昨日临别的时候,她问临阳哥哥,她与禾生,有何不同,为何入不了他的眼。
她有过那么一丝念头,想着或许是不是禾生无意间勾引了临阳,否则他怎么会那么死心塌地。
这两个问题,他一个都没有回答。他甚至没有抬头去望她充满怨恨的眼睛,他只是丢给她一个荷包。
“那里面装有砒/霜,你若觉得谁辜负了你,毒死便是。我这边,一切照常,你若愿意,我便还是你的临阳哥哥,你若不愿,拿了□□来,我喝下便是。”
宋瑶手一抖,忽地记起她今日为何来王府。
禾生抓一把盐花生拨开吃,心想,阿瑶今天有点怪怪的,是和王大人吵架了?
试探问道:“阿瑶,你和王大人的事什么时候定下来呀?我这份子礼可备好久了。”
她这一问,正好戳到宋瑶心尖上。
宋瑶回头瞥眼,正好望见禾生低头剥花生,樱桃小嘴在花生壳上轻磕,露出莹白的贝齿来。然后她用手轻轻一剥,壳里吐出两颗饱满圆滚的花生米。
她这样好看,临阳哥哥喜欢她是理所应当的。
宋瑶不免又有些自卑,觉得自己这辈子都不可能在容貌上超过她了。起初的悲愤以及被欺瞒后的气恼,早已在经过一夜的抽泣未眠后,消失得一干二净。
此时此刻,宋瑶的心情是惶恐和害怕的。她说不清为什么,可能是因为藏在袖子里的那点砒/霜。
她终究舍不得将砒/霜下在禾生的茶食里。
都说女人的嫉妒是可怕的,对于宋瑶而言,嫉妒之后的清醒时分才是无比可怖的。
她觉得自己一瞬间掉到了无边地狱。
中午沈灏回来时,宋瑶已经走了。禾生同他吃了饭,两人说了会子话,躺在榻上无睡意,沈灏索性带她去散步。

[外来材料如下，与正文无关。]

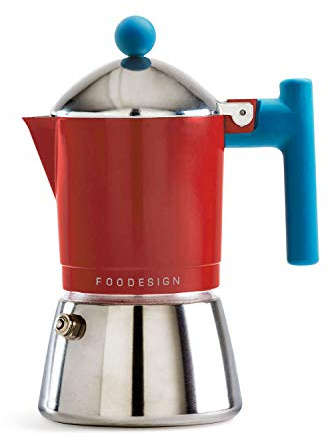 Foodesign Espressokocher Moka Cocca für 3 Tassen, modernes Design, für Gas und Induktion, Kessel aus Bi-Material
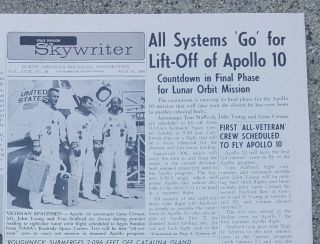 Vintage 1969 Rockwell Apollo 10 Lunar Orbit Skywritter In - House Newsletter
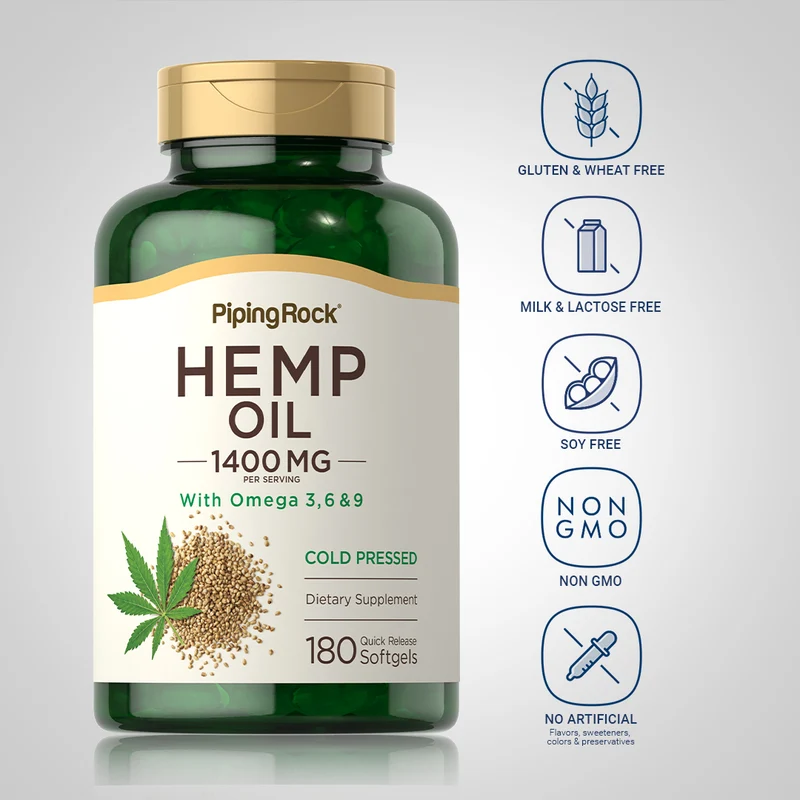 Hemp Seed Oil (Cold Pressed), 1400 mg (per serving), 180 Quick Release Softgels, 2 Bottles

到了后花园,她拿了个篮子采花,刚立春,杂花野花虽多,能种在园子里供人观赏的花却不多。沈灏想起今日是二月初二,问她有没有吃炸黍米枣糕。
也不知道为何要吃,总归是老一辈传下的规矩,说是二月初二吃煎饼吃炸糕,这年定会红红火火。天下人人都吃,那岂不是人人都红火了,那还哪来的灾民难民?虽是迷信不可尽信,但总归是先遵循了为好。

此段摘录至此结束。